* _Brief_: The task calls for each record to be given again unchanged, minus any pictures.

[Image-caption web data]

——————————

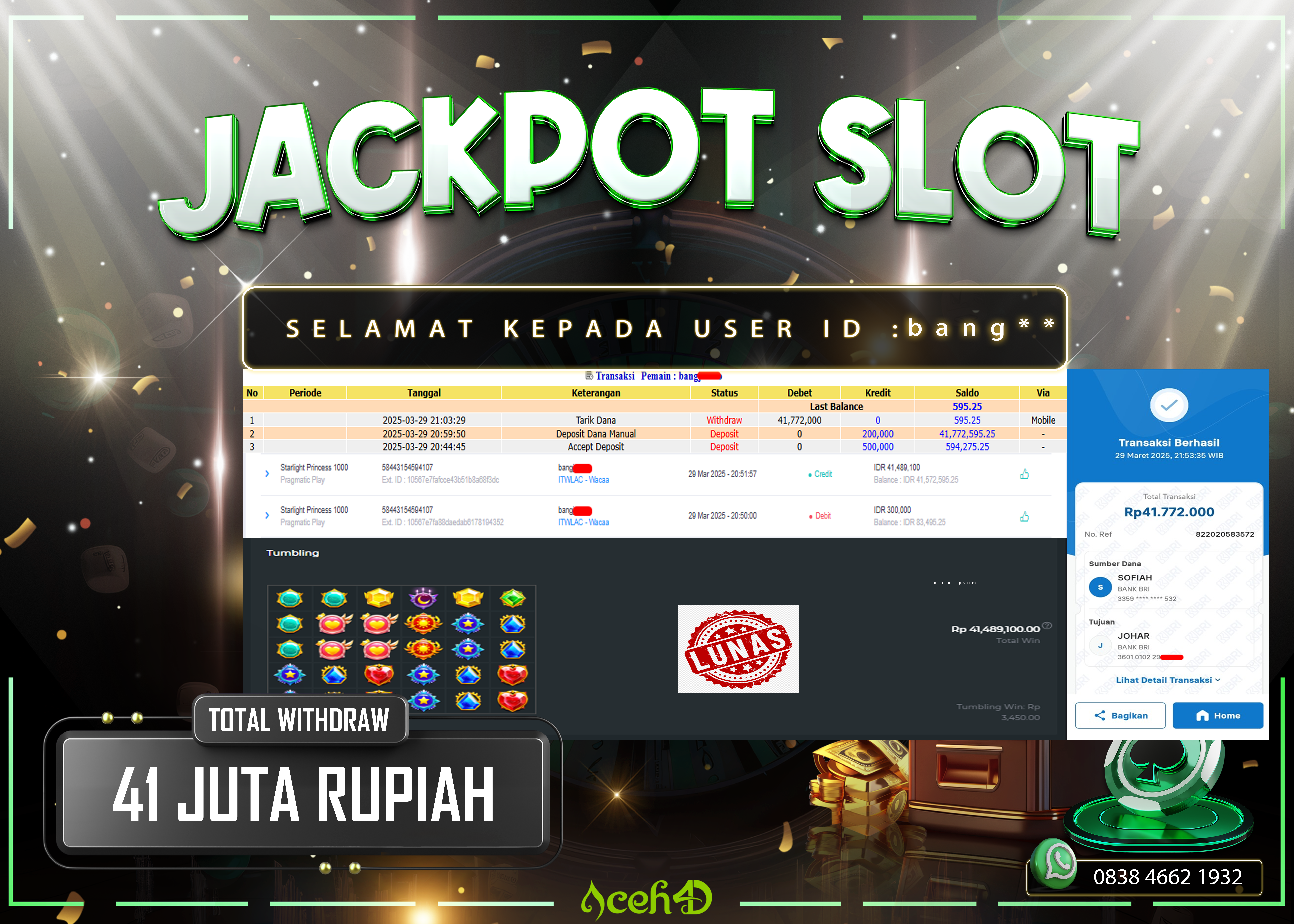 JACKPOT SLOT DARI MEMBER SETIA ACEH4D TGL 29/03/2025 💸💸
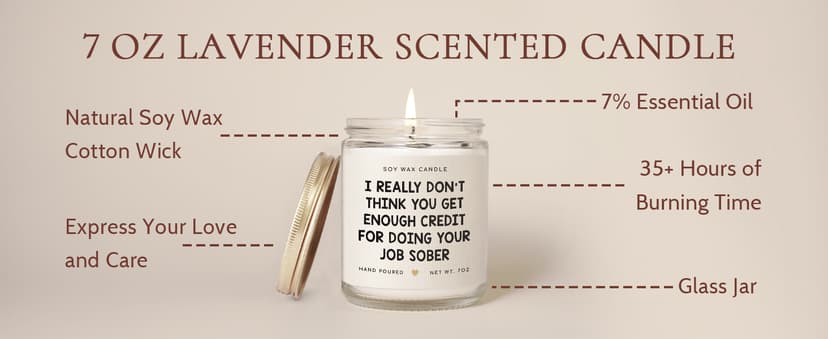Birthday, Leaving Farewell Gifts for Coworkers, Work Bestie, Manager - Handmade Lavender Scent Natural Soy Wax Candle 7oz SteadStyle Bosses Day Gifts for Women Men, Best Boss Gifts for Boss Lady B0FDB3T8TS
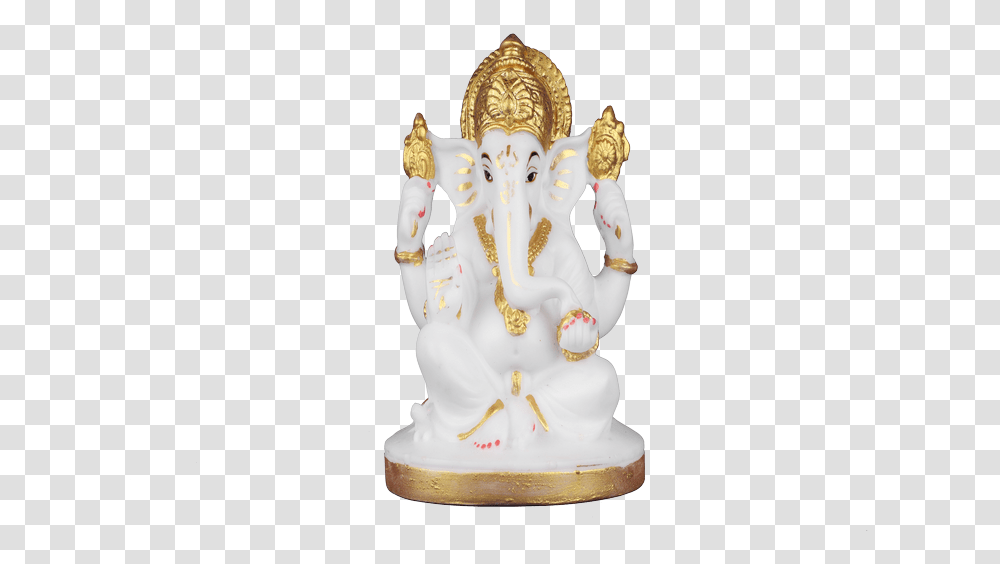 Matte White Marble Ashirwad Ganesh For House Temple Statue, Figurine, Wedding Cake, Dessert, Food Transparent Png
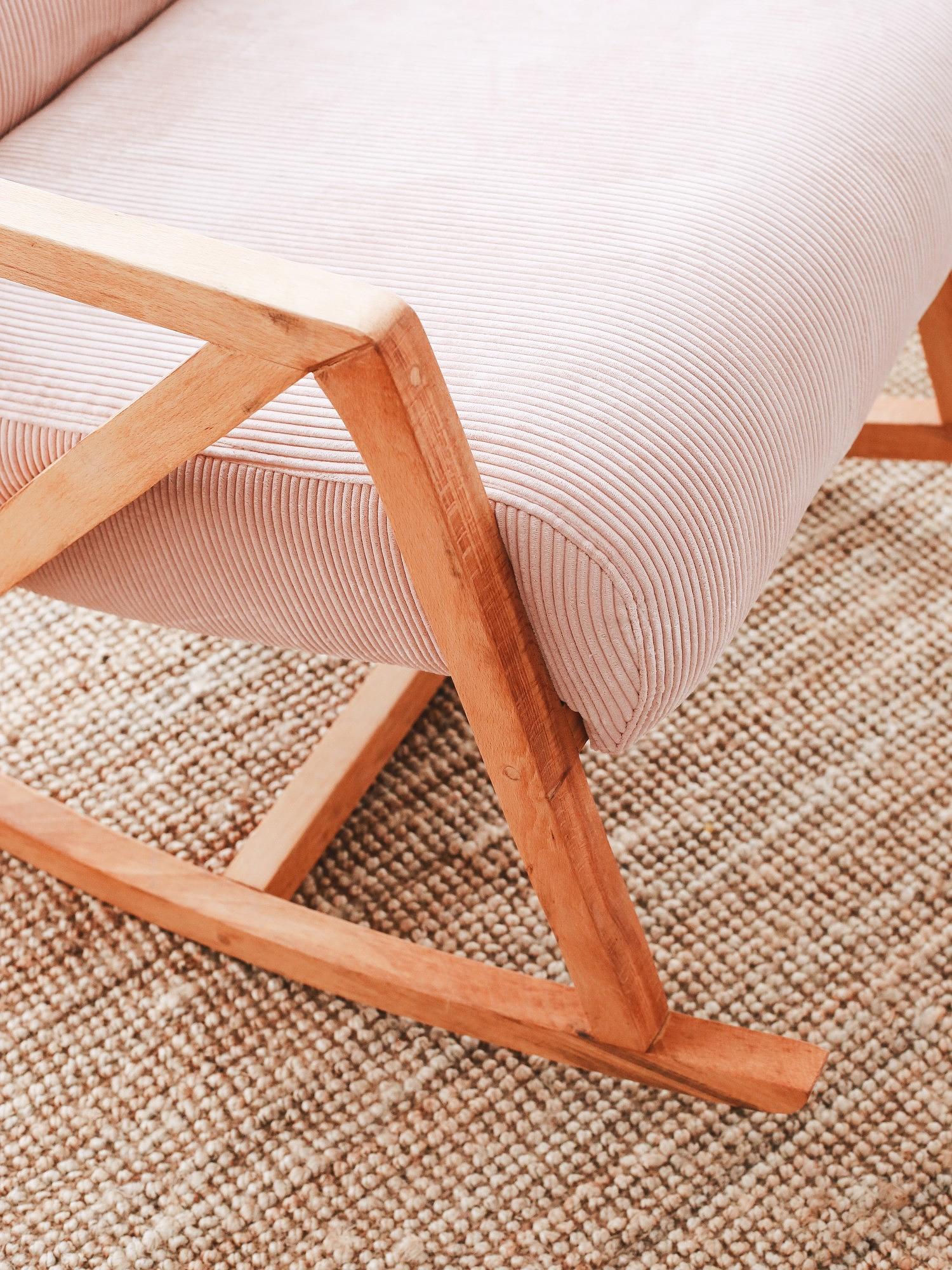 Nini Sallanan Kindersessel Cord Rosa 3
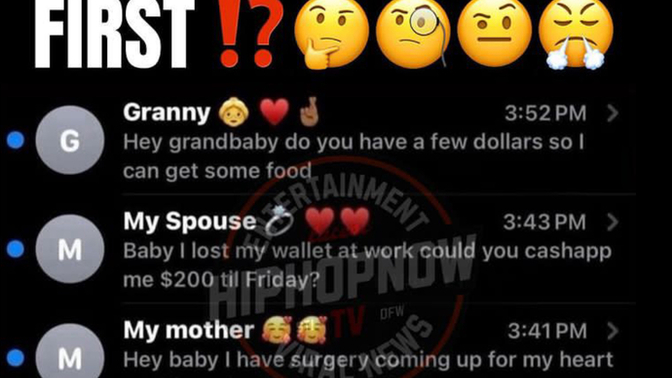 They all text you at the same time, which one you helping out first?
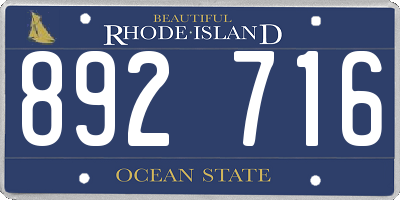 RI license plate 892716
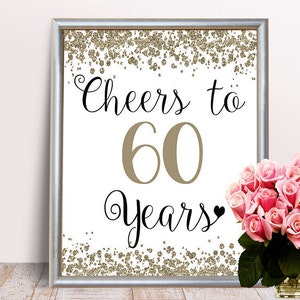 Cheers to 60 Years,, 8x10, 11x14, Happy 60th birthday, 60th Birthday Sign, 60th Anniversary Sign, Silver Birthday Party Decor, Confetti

——————————

* _Answer for this exercise_:
 JACKPOT SLOT DARI MEMBER SETIA ACEH4D TGL 29/03/2025 💸💸
Birthday, Leaving Farewell Gifts for Coworkers, Work Bestie, Manager - Handmade Lavender Scent Natural Soy Wax Candle 7oz SteadStyle Bosses Day Gifts for Women Men, Best Boss Gifts for Boss Lady B0FDB3T8TS
 Matte White Marble Ashirwad Ganesh For House Temple Statue, Figurine, Wedding Cake, Dessert, Food Transparent Png
 Nini Sallanan Kindersessel Cord Rosa 3
 They all text you at the same time, which one you helping out first?
 RI license plate 892716
 Cheers to 60 Years,, 8x10, 11x14, Happy 60th birthday, 60th Birthday Sign, 60th Anniversary Sign, Silver Birthday Party Decor, Confetti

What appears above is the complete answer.